Well, I guess no one reads my blog anymore and I can’t blame you at all, since I haven’t kept my promise to update at least once a month; but if you are an old time reader and you are here by chance, thank you!
I’ve been on holiday for a week recently, so I had time to relax, have some fun and meet my friends who sometime think I disappeared from this world since my job completely takes over my life.
One conversation in particular reminded me how much of a terrible blogger I am, so it encouraged me to write at least a few lines: a friend introduced his new girlfriend and while we were talking about traveling, she was excited about a trip to Japan which is her dream.
And that’s how my friend started talking about my interest in Japan, anime and otome games; he even explained to her what the genre is and how I used to learn the language by myself, looking up for kanji on my dictionary, literally 10 years ago! I can’t believe my friend still remembers about those times, I guess my determination to break the language barrier kinda impressed him and it makes me really proud of my past self; actually, it also makes me sad, since I miss those times and sometimes I wonder what could have happened if I was still part of the community.

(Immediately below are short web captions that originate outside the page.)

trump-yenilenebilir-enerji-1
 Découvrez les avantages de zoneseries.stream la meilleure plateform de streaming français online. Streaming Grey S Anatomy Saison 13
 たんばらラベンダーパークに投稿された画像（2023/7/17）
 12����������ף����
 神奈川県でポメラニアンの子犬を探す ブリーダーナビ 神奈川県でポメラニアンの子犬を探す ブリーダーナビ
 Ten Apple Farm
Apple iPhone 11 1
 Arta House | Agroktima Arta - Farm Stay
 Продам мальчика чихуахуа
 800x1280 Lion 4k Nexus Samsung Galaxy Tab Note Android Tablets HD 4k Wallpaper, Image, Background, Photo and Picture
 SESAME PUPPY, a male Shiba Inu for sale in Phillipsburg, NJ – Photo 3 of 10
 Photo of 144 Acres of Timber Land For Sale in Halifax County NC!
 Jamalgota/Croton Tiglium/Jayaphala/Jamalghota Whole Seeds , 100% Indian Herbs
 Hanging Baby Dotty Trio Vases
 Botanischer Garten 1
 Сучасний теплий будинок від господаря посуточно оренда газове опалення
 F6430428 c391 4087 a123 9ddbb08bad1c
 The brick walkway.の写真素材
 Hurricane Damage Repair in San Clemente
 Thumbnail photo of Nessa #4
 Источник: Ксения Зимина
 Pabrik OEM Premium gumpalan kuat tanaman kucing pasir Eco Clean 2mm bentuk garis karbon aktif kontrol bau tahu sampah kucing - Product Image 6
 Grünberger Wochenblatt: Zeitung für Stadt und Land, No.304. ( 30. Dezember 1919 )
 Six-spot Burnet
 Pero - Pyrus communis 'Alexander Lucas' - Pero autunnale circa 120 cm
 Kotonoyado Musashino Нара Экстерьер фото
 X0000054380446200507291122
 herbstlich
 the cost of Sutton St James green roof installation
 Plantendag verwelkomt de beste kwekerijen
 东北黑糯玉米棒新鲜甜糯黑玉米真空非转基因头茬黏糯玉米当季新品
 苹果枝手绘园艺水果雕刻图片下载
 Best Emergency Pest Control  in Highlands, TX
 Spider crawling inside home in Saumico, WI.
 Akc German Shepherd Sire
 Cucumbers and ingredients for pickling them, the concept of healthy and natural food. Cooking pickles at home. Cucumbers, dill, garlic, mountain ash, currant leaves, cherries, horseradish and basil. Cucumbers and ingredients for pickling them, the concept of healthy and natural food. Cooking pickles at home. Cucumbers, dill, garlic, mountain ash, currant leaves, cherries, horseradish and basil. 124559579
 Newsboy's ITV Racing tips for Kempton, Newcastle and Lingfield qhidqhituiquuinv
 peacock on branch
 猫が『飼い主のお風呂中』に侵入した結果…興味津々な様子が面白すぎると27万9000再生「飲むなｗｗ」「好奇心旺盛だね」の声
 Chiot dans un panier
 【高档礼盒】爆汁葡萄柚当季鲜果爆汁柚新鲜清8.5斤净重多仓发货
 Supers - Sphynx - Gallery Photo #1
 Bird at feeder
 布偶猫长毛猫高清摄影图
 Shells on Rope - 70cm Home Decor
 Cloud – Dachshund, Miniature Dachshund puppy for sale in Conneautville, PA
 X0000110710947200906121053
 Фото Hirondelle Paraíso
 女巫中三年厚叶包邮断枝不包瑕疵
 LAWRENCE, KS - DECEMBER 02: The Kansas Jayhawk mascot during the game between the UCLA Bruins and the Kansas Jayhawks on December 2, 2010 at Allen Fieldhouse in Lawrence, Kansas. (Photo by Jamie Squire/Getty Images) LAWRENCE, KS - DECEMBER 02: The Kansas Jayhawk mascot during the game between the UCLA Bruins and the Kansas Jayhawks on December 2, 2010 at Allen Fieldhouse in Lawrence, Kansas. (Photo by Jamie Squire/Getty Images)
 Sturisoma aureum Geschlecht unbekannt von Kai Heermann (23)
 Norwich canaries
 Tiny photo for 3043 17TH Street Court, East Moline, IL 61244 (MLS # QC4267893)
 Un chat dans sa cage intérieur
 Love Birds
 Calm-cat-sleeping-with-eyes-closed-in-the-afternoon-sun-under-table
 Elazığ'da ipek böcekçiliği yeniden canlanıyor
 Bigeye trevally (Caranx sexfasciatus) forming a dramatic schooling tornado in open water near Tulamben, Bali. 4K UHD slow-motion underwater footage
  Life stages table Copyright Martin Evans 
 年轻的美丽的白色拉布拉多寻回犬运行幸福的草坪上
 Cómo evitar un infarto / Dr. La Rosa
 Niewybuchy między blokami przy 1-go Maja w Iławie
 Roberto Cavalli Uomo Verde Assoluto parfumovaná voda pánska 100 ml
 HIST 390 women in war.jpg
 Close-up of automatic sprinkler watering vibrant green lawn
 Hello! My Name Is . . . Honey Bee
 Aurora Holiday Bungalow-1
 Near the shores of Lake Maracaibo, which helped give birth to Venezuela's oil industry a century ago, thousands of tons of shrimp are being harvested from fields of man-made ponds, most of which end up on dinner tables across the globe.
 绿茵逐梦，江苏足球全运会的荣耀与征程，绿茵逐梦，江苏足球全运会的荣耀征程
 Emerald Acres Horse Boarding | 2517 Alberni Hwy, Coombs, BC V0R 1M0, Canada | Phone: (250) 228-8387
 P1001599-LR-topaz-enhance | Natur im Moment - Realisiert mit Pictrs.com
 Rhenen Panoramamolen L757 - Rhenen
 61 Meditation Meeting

I was aware that I would have lost my otome friends if I suddenly stopped playing and blogging, but I was tired to force myself to enjoy an hobby I wasn’t loving so much anymore.
Still, it breaks my heart when I check twitter and my TL is empty; I guess many friends changed their hobbies too, or maybe they stopped using social media; I realized that there’s no turning back: if I ever come back to otome, I should pretty much start from zero, as I did when I went back to listening to kpop after years. It seems a totally different world.
One year is actually not that long, but it feels like a lifetime in a community, when everything changes rapidly; so well, I’m writing this post because I miss my twitter/blog friends, amazing people who gave me so much motivation to write and share my opinions through the years.
If you’re reading this, how are you? Are you still part of the otome community? Did it change so much, since I disappeared? I’m really wondering if it’s just a personal feeling, or it’s true.
Anyway, thank you all for the great memories, I still cherish every moment spent in this fandom!